Year 4, Month 11, Day 27: Dove Beneath My Floating Home

The San Francisco Chronicle offers a grim prognosis on the planet’s oceans:

WASHINGTON (AP) — Greenhouse gases are making the world’s oceans hot, sour and breathless, and the way those changes work together is creating a grimmer outlook for global waters, according to a new report Wednesday from 540 international scientists.

The world’s oceans are getting more acidic at an unprecedented rate, faster than at any time in the past 300 million years, the report said. But it’s how this interacts with other global warming impacts to waters that scientists say is getting them even more worried.

Scientists already had calculated how the oceans had become 26 percent more acidic since the 1880s because of the increased carbon in the water. They also previously had measured how the world’s oceans had warmed because of carbon dioxide from the burning of coal, oil and gas.
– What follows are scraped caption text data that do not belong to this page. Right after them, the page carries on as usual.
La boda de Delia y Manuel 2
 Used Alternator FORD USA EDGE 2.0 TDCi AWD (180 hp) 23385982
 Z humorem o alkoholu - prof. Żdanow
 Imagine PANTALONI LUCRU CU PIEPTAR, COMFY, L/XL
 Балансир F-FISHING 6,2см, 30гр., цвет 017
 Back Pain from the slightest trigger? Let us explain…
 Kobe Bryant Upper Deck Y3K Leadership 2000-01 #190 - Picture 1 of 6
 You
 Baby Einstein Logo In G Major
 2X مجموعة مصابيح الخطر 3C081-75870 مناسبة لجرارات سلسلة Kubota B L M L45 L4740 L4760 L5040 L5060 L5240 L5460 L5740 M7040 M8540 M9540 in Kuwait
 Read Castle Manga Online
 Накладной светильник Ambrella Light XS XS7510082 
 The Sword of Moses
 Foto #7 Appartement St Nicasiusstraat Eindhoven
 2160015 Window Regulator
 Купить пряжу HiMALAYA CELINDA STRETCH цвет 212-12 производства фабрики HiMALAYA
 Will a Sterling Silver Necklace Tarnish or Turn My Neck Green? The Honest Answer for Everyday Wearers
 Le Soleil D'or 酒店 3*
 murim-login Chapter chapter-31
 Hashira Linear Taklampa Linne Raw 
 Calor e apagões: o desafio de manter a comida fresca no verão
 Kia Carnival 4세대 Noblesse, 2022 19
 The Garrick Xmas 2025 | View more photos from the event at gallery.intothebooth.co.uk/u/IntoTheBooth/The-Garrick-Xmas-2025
And they’ve observed that at different depths the oceans were moving less oxygen around because of the increased heat.

But together “they actually amplify each other,” said report co-author Ulf Riebesell, a biochemist at the Geomar Helmholtz Center for Ocean Research in Germany. He said scientists are increasingly referring to the ocean’s future prospects as “hot, sour and breathless.”

But hey, Al Gore is fat. And Miley Cyrus! November 16:

Industrial civilization’s CO2 emissions are making the oceans which gave us life into deserts. Surely this is more important than the latest scandal du jour? If oceanic acidification was a nubile starlet shaking her fanny on national television, we’d be discussing it full-time, mulling over the implications for our culture, our values, and our civilization. If the accelerating greenhouse effect was a royal baby, we’d be reading about it in every checkout line in the nation. Our celebrity-obsessed mass media has helped us become an ADD nation, distracted from genuine challenges by faux news, factoids, and infotainment.

If humanity is to survive the consequences of our profligacy and wastefulness, we must start by acknowledging the threat’s reality, and the fact that meaningful action on the climate crisis involves us all. And our media must fulfill their responsibilities: to the once-revered ideals of journalism, and to our species’ survival.